[Collected data]

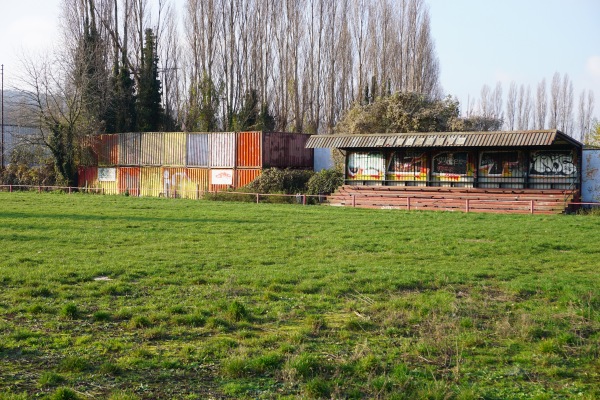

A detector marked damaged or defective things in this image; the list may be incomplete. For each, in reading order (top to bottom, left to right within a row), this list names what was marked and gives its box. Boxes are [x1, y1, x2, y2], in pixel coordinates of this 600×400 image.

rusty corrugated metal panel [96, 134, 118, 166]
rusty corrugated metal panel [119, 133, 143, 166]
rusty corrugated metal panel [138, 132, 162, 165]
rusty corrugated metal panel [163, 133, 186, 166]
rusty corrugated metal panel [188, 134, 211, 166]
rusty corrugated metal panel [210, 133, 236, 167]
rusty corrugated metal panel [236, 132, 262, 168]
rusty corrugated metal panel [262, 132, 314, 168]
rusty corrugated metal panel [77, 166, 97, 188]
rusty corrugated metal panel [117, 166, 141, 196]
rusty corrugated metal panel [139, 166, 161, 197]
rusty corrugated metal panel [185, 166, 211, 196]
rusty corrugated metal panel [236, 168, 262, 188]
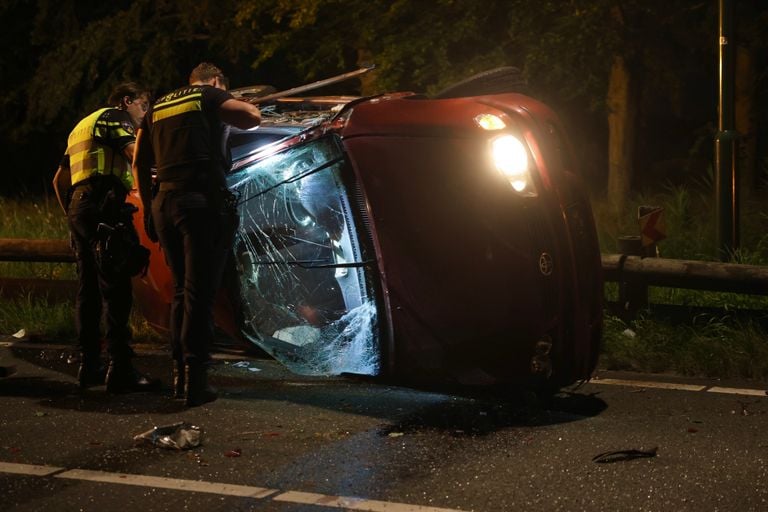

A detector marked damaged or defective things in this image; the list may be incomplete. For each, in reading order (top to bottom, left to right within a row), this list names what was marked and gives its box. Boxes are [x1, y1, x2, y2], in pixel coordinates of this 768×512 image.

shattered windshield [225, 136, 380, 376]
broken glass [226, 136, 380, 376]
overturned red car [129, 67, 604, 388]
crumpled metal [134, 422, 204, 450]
--
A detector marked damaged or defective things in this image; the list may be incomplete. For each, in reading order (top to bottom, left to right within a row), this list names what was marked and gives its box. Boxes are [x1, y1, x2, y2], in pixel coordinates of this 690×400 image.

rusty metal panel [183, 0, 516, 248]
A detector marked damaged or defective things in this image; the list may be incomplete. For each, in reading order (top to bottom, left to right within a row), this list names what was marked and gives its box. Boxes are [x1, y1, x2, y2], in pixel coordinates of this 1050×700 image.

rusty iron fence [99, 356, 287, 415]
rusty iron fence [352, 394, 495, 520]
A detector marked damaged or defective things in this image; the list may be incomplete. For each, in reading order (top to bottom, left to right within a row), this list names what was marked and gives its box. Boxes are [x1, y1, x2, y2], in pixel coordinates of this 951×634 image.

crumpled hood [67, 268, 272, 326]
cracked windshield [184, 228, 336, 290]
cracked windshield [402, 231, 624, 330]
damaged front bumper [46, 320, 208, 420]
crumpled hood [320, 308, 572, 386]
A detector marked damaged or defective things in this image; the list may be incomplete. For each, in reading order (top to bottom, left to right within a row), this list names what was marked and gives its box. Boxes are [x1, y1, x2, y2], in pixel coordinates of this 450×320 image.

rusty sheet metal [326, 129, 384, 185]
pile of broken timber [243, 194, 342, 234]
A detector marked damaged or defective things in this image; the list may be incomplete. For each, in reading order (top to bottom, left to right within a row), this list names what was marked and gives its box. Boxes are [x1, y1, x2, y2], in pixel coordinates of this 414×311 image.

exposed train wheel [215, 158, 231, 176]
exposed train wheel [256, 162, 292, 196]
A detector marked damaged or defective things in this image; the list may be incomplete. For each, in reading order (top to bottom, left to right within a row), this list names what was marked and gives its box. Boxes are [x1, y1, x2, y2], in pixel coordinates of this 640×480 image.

> TASK OBJECTIVE
Exactly the lines above from the one with "this 1050×700 image." to the one with "this 640×480 image.", both included, are to be quoted; leave the rest out.

> ANSWER TO THE PROBLEM
A detector marked damaged or defective things in this image; the list may be incomplete. For each, in reading order (top to bottom, left to right within a row), this list names what was marked and gives its box. Boxes are [x1, y1, x2, y2], in pixel coordinates of this 1050×700 image.

rusty iron fence [99, 356, 287, 415]
rusty iron fence [352, 394, 495, 520]
A detector marked damaged or defective things in this image; the list may be incomplete. For each, in reading order (top to bottom, left to right within a row), this list names what was marked and gives its box. Boxes are [x1, y1, x2, y2], in pixel coordinates of this 951×634 image.

crumpled hood [67, 268, 272, 326]
cracked windshield [184, 228, 336, 290]
cracked windshield [402, 231, 624, 330]
damaged front bumper [46, 320, 208, 420]
crumpled hood [320, 308, 572, 386]
A detector marked damaged or defective things in this image; the list may be incomplete. For each, in reading order (top to bottom, left to right within a row), this list names what was marked and gives its box. Boxes are [x1, y1, x2, y2], in pixel coordinates of this 450×320 image.

rusty sheet metal [326, 129, 384, 185]
pile of broken timber [243, 194, 342, 234]
A detector marked damaged or defective things in this image; the list may be incomplete. For each, in reading order (top to bottom, left to right within a row), this list names what was marked and gives its box. Boxes are [x1, y1, x2, y2], in pixel coordinates of this 414×311 image.

exposed train wheel [215, 158, 231, 176]
exposed train wheel [256, 162, 292, 196]
A detector marked damaged or defective things in this image; the list may be incomplete. For each, in reading order (top to bottom, left to right within a row), this list names what was marked and gives its box. Boxes are [x1, y1, x2, y2], in pixel coordinates of this 640×480 image.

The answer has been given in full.